In my abstract algebra class, we were given some polynomials to prove irreducible or not over the rationals. I have come up with a proof for this one, but I'm not sure if it's valid.
The polynomial: $$x^4 + 2x^3 + x^2 + x + 1$$
I've started by taking the modulus $2$ of all the coefficients to get:
$$x^4 + x^2 + x + 1$$There's a theorem in my book that says if you take the modulus using a prime and the new polynomial has the same degree and is irreducible, than the previous polynomial is also irreducible.
So to prove $x^4 + x^2 + x + 1$ is irreducible:
If it is reducible it can be written as $f(x)g(x)$. But because it has a constant term, both $f$ and $g$ must have a constant term. But this also implies neither $f$ nor $g$ can have an $x^3$ term because their product does not have an $x^3$ term. But since the product has an $x^4$ term, they both must have $x^2$ terms. Also, since the product has an $x$ term, at least one of $f$ and $g$ must have an $x$ term. But then the $x$ term times the $x^2$ term in the other would make an $x^3$ term, which the product does not have, so $f$ and $g$ cannot exist.

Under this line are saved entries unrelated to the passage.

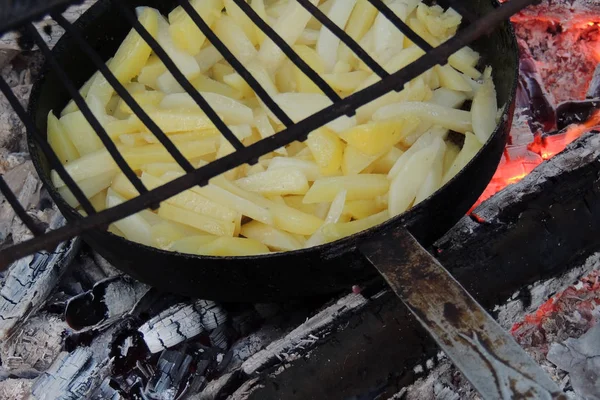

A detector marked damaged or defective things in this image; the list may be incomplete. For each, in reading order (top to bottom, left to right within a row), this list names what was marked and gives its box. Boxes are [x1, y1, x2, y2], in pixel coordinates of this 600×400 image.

burnt wood piece [556, 99, 596, 130]
burnt wood piece [240, 132, 600, 400]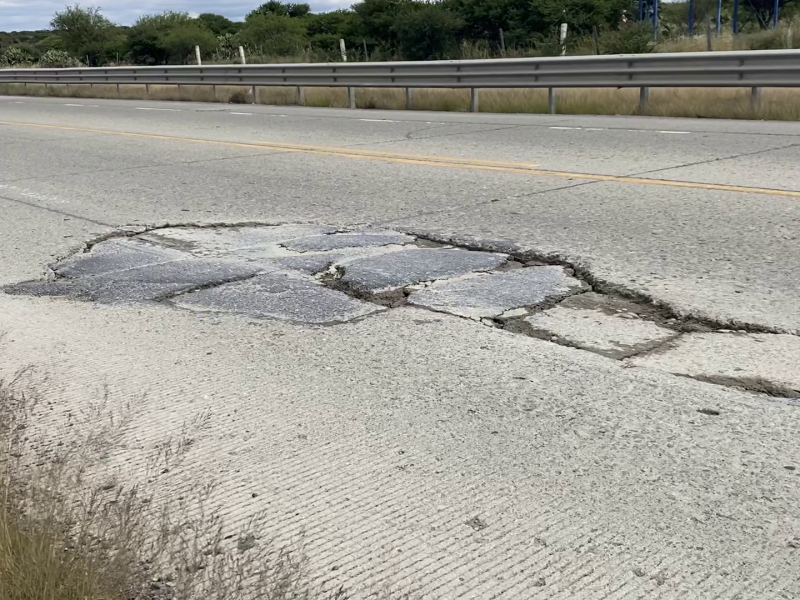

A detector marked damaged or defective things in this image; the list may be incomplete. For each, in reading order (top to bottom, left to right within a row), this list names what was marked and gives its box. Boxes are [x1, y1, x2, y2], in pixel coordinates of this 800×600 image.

pothole [3, 221, 796, 398]
cracked asphalt patch [1, 221, 800, 398]
asphalt patch repair [4, 224, 800, 398]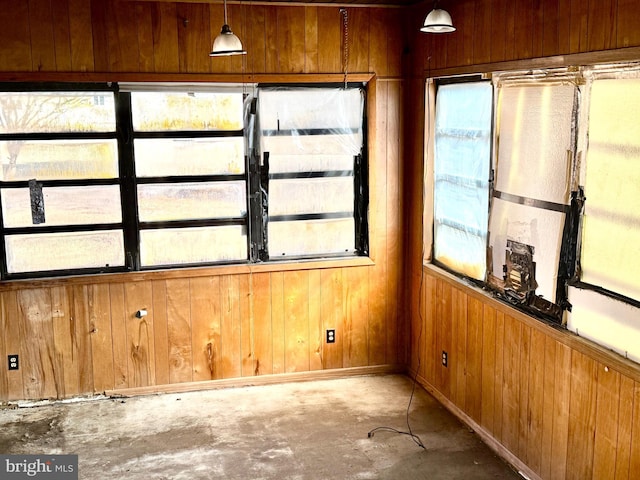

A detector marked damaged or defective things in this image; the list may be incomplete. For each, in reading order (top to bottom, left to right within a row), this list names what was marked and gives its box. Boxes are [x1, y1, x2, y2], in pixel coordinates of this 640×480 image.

damaged window frame [0, 80, 370, 280]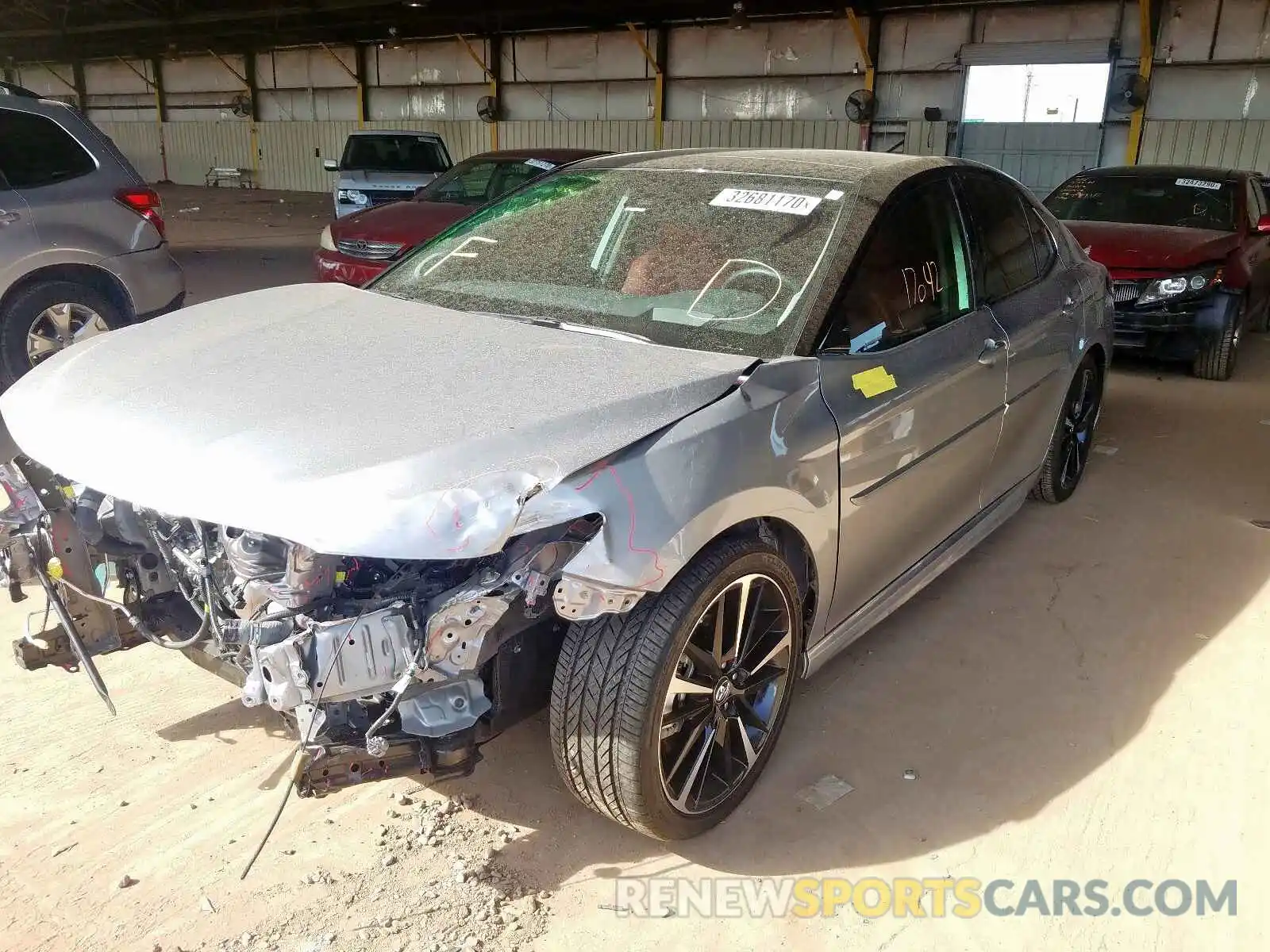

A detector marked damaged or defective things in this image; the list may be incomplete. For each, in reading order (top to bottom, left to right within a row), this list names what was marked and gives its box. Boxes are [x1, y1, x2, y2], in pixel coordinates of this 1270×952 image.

shattered windshield [367, 167, 851, 357]
shattered windshield [1048, 173, 1238, 230]
crumpled front end [2, 454, 622, 797]
cracked hood [0, 282, 756, 559]
damaged toyota camry [2, 149, 1111, 838]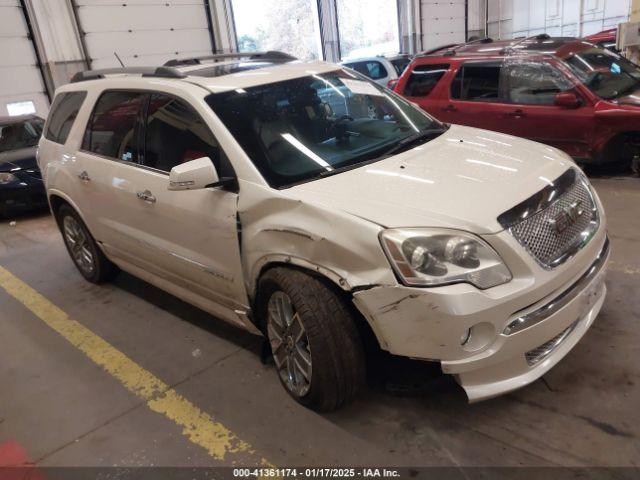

Is this proof solid? Is there a more elegant way?
Unfortunately, $x^4+x^2+x+1$ is not irreducible in the two element field, since $x=1$ is a root.
And the polynomial you started with is not irreducible over the rationals, since $x=-1$ is a root. Thus the polynomial $x^4+2x^3+x^2+x+1$ is divisible by $x+1$.
Remark: We have $x^4+2x^3+x^2+x+1=(x+1)(x^3+x^2+1)$. The polynomial $x^3+x^2+1$ is irreducible over the rationals. For a polynomial of degree $2$ or $3$ is irreducible over a field $F$ if and only if it has no root in that field. And by the Rational Roots Theorem, the polynomial $x^3+x^2+1$ has no rational roots.